→ **TASK PROMPT**: Please give back word for word the lines of the material below between the line containing "Sun Moon 1 Canvas Print by The Crayon Studio" and the line containing "Galaxy Tab S4", inclusive.

→ **THE RECORDS**:
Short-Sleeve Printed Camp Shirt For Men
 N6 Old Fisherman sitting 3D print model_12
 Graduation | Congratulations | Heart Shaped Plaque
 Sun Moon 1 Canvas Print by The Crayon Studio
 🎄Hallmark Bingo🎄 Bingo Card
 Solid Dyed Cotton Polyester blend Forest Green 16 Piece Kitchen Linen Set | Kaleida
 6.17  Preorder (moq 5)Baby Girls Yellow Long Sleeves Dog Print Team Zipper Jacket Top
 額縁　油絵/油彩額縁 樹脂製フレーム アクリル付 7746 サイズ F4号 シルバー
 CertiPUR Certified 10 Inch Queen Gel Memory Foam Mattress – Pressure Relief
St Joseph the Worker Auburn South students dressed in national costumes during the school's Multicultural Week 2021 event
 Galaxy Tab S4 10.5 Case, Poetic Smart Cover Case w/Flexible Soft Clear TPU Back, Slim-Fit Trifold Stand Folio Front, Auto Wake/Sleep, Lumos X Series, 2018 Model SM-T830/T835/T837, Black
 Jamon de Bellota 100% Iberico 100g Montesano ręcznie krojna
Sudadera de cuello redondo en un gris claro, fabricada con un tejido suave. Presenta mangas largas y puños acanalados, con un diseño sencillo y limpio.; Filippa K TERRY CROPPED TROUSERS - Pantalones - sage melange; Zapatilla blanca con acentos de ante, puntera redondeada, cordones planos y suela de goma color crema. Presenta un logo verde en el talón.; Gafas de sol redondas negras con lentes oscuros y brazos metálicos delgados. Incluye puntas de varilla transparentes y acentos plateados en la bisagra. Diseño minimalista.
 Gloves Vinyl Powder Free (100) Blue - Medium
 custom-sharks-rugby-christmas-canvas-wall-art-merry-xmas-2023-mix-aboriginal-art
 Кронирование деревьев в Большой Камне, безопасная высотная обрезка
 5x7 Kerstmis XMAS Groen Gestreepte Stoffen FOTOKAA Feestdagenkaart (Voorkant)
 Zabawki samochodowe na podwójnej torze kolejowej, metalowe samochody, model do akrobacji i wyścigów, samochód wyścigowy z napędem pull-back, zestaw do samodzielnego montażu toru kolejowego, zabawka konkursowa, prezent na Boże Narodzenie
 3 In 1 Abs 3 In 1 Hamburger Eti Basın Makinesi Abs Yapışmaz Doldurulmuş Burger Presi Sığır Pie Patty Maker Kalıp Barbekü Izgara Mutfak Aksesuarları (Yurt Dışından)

→ **THE COMPLETED TASK**:
 Sun Moon 1 Canvas Print by The Crayon Studio
 🎄Hallmark Bingo🎄 Bingo Card
 Solid Dyed Cotton Polyester blend Forest Green 16 Piece Kitchen Linen Set | Kaleida
 6.17  Preorder (moq 5)Baby Girls Yellow Long Sleeves Dog Print Team Zipper Jacket Top
 額縁　油絵/油彩額縁 樹脂製フレーム アクリル付 7746 サイズ F4号 シルバー
 CertiPUR Certified 10 Inch Queen Gel Memory Foam Mattress – Pressure Relief
St Joseph the Worker Auburn South students dressed in national costumes during the school's Multicultural Week 2021 event
 Galaxy Tab S4 10.5 Case, Poetic Smart Cover Case w/Flexible Soft Clear TPU Back, Slim-Fit Trifold Stand Folio Front, Auto Wake/Sleep, Lumos X Series, 2018 Model SM-T830/T835/T837, Black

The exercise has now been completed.